[About this task] Copy, word for word, the lines of the listing below from the line with "Adrianna Papell Evening" up to and including the line with "Pink Embroidered Georgette Islamic Kaftans 2". Drop the pictures.

[Dataset]
------------------------------------------------------------------------
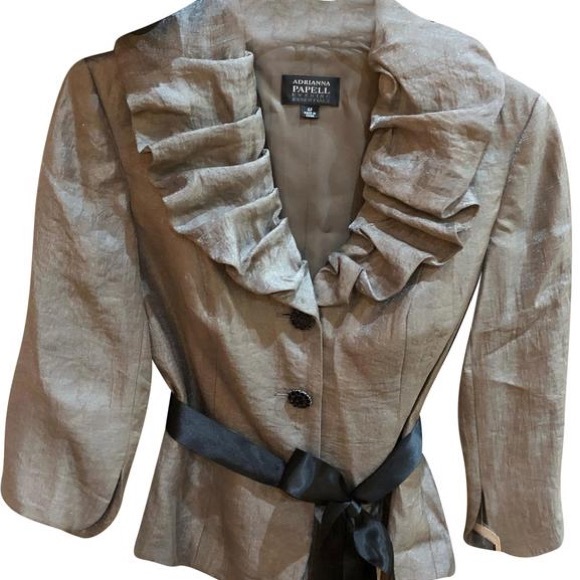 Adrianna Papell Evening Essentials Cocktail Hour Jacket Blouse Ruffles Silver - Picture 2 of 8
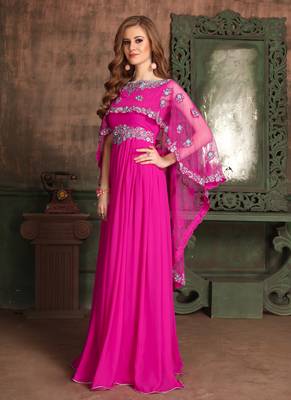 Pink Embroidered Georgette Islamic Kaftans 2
------------------------------------------------------------------------
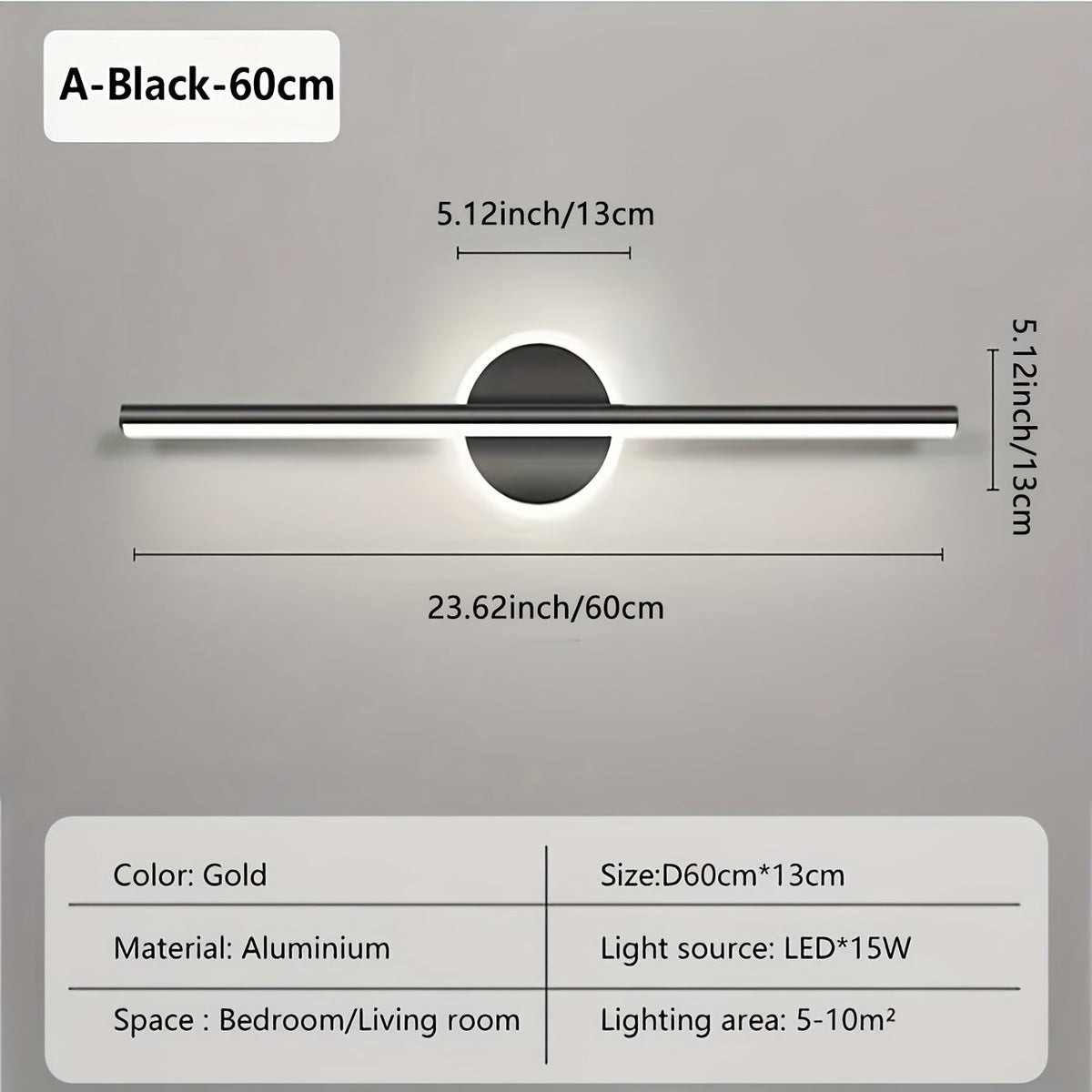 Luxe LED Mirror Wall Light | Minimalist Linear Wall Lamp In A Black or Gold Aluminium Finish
------------------------------------------------------------------------
[Task answer]
 Adrianna Papell Evening Essentials Cocktail Hour Jacket Blouse Ruffles Silver - Picture 2 of 8
 Pink Embroidered Georgette Islamic Kaftans 2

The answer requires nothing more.